*** RECORD EXCERPTS
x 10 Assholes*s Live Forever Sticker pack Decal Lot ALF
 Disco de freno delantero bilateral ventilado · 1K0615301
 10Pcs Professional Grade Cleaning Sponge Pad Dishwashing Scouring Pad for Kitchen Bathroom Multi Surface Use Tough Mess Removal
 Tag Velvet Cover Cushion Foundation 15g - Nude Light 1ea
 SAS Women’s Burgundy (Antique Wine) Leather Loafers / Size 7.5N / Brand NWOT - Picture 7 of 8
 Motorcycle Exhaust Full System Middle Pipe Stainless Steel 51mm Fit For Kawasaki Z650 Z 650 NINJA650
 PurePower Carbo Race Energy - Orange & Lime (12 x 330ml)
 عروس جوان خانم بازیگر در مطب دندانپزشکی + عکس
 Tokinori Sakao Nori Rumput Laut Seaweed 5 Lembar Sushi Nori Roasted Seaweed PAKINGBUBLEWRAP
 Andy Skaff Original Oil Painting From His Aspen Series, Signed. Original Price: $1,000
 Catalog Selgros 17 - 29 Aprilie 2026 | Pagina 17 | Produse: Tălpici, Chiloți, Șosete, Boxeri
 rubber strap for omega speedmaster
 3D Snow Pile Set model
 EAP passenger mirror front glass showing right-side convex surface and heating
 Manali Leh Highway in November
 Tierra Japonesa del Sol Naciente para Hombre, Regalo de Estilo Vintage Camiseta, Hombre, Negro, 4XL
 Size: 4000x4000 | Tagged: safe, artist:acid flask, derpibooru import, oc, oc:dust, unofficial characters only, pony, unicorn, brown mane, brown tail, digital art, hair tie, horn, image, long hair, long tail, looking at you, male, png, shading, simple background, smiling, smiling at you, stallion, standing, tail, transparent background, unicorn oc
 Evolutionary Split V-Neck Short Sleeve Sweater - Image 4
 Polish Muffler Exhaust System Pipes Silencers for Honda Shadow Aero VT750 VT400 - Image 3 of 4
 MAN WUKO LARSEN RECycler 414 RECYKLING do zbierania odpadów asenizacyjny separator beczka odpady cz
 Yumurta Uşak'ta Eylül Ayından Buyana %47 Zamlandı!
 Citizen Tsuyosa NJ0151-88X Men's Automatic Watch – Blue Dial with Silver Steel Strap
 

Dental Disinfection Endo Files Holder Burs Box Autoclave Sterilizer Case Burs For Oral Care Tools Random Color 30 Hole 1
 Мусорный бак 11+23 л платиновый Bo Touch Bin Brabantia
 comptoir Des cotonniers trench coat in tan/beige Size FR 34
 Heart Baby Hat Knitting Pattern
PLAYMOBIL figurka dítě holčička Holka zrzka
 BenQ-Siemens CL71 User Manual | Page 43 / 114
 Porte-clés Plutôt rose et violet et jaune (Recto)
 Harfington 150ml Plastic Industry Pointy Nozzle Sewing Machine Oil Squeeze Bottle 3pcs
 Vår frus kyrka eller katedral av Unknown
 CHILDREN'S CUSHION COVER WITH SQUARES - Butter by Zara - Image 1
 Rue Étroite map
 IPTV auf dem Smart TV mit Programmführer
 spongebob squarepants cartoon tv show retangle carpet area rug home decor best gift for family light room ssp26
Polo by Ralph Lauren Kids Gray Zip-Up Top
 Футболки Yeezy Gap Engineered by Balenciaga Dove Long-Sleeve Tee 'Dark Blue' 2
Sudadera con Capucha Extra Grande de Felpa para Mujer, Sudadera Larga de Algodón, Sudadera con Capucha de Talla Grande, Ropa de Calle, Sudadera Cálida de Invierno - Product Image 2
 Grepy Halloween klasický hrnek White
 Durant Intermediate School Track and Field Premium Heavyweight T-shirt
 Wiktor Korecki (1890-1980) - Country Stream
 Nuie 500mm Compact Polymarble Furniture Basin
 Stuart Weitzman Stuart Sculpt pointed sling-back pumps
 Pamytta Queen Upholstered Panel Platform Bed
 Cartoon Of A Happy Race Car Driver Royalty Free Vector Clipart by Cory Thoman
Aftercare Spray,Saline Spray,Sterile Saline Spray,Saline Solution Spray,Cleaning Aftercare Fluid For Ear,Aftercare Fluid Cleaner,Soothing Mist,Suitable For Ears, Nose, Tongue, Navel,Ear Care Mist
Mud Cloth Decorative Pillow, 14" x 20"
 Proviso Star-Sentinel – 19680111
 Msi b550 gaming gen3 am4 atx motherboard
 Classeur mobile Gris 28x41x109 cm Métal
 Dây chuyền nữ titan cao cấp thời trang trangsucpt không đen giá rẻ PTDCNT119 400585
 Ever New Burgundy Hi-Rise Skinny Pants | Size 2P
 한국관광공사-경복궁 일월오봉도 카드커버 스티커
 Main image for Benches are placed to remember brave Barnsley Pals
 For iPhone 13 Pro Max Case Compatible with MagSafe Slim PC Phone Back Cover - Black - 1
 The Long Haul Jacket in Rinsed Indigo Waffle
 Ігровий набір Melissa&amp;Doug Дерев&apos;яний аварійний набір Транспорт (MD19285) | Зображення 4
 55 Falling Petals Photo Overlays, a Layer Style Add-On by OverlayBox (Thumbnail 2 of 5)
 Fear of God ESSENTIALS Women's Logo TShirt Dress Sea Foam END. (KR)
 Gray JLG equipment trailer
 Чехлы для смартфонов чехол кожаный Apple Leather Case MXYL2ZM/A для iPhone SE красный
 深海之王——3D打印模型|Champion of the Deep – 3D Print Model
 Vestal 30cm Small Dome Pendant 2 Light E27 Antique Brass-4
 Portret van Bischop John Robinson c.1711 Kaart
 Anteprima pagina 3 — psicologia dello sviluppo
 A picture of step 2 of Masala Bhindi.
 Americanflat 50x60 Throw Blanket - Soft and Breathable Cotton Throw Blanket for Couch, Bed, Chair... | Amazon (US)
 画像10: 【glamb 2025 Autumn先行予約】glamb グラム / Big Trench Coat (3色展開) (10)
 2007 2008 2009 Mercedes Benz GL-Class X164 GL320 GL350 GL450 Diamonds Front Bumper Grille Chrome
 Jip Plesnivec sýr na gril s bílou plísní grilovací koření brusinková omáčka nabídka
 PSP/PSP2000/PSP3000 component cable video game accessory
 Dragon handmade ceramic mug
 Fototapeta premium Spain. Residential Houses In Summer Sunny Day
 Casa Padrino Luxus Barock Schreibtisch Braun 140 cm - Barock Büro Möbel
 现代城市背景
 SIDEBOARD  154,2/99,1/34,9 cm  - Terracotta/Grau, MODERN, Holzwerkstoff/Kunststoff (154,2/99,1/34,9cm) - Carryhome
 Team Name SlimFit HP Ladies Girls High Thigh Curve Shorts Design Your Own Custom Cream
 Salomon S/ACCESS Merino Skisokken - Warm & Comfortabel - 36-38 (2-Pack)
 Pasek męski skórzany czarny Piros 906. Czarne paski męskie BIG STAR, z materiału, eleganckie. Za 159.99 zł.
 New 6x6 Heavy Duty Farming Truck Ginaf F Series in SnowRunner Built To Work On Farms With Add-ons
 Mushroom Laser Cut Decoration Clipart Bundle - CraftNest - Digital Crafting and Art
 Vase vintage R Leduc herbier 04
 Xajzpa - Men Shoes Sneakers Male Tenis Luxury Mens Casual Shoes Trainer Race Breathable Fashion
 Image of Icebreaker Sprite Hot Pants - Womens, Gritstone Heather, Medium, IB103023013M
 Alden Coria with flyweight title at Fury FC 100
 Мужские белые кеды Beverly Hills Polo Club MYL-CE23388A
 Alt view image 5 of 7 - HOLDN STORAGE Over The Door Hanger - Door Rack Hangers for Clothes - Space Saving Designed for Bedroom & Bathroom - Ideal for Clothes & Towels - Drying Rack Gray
******
* [WHAT THE TASK ASKS]: Return the span of lines in the data above that opens at the line with "Aftercare Spray,Saline Spray,Sterile" and closes at the line with "2007 2008 2009", exactly, ends included, nothing else.

* [EXERCISE RESPONSE]:
Aftercare Spray,Saline Spray,Sterile Saline Spray,Saline Solution Spray,Cleaning Aftercare Fluid For Ear,Aftercare Fluid Cleaner,Soothing Mist,Suitable For Ears, Nose, Tongue, Navel,Ear Care Mist
Mud Cloth Decorative Pillow, 14" x 20"
 Proviso Star-Sentinel – 19680111
 Msi b550 gaming gen3 am4 atx motherboard
 Classeur mobile Gris 28x41x109 cm Métal
 Dây chuyền nữ titan cao cấp thời trang trangsucpt không đen giá rẻ PTDCNT119 400585
 Ever New Burgundy Hi-Rise Skinny Pants | Size 2P
 한국관광공사-경복궁 일월오봉도 카드커버 스티커
 Main image for Benches are placed to remember brave Barnsley Pals
 For iPhone 13 Pro Max Case Compatible with MagSafe Slim PC Phone Back Cover - Black - 1
 The Long Haul Jacket in Rinsed Indigo Waffle
 Ігровий набір Melissa&amp;Doug Дерев&apos;яний аварійний набір Транспорт (MD19285) | Зображення 4
 55 Falling Petals Photo Overlays, a Layer Style Add-On by OverlayBox (Thumbnail 2 of 5)
 Fear of God ESSENTIALS Women's Logo TShirt Dress Sea Foam END. (KR)
 Gray JLG equipment trailer
 Чехлы для смартфонов чехол кожаный Apple Leather Case MXYL2ZM/A для iPhone SE красный
 深海之王——3D打印模型|Champion of the Deep – 3D Print Model
 Vestal 30cm Small Dome Pendant 2 Light E27 Antique Brass-4
 Portret van Bischop John Robinson c.1711 Kaart
 Anteprima pagina 3 — psicologia dello sviluppo
 A picture of step 2 of Masala Bhindi.
 Americanflat 50x60 Throw Blanket - Soft and Breathable Cotton Throw Blanket for Couch, Bed, Chair... | Amazon (US)
 画像10: 【glamb 2025 Autumn先行予約】glamb グラム / Big Trench Coat (3色展開) (10)
 2007 2008 2009 Mercedes Benz GL-Class X164 GL320 GL350 GL450 Diamonds Front Bumper Grille Chrome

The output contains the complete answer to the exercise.